Required work »
Beneath this instruction is a listing; print exactly the lines in it starting at the line that contains "Manhattan 'ın gece" and going through the line that contains "バゲットバッグ、贅沢な芸術品 | Fendi Roma".

------ Record extracts

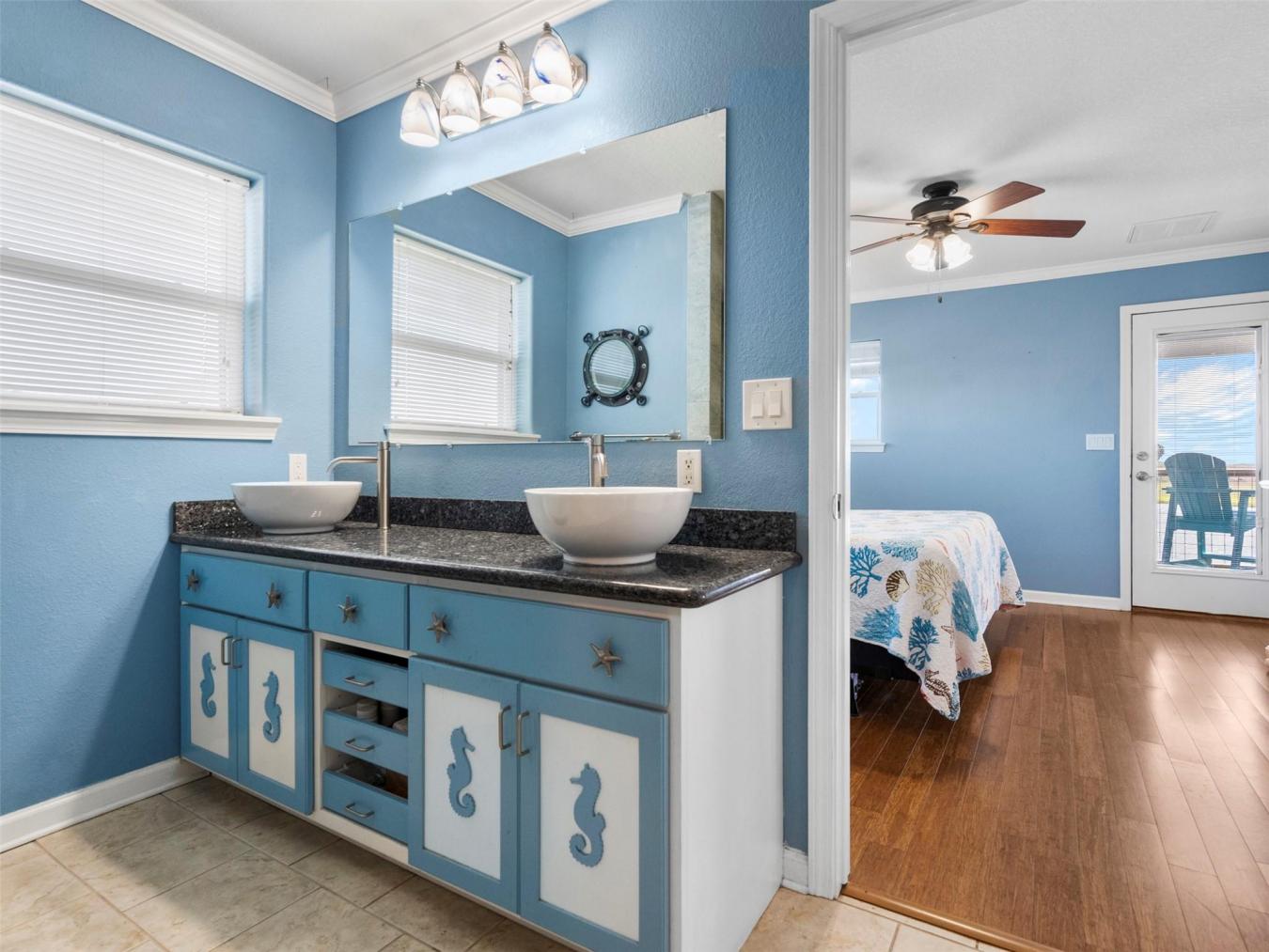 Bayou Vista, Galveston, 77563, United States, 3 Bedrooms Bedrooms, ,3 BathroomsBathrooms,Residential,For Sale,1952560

------------
------ Record extracts

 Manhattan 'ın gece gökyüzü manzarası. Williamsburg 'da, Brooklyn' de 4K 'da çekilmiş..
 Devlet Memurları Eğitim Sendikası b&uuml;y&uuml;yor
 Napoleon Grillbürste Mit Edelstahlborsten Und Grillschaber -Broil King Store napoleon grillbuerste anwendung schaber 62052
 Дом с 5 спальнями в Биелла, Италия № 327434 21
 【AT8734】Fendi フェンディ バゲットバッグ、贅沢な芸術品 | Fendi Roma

------------

The completed task »
 Manhattan 'ın gece gökyüzü manzarası. Williamsburg 'da, Brooklyn' de 4K 'da çekilmiş..
 Devlet Memurları Eğitim Sendikası b&uuml;y&uuml;yor
 Napoleon Grillbürste Mit Edelstahlborsten Und Grillschaber -Broil King Store napoleon grillbuerste anwendung schaber 62052
 Дом с 5 спальнями в Биелла, Италия № 327434 21
 【AT8734】Fendi フェンディ バゲットバッグ、贅沢な芸術品 | Fendi Roma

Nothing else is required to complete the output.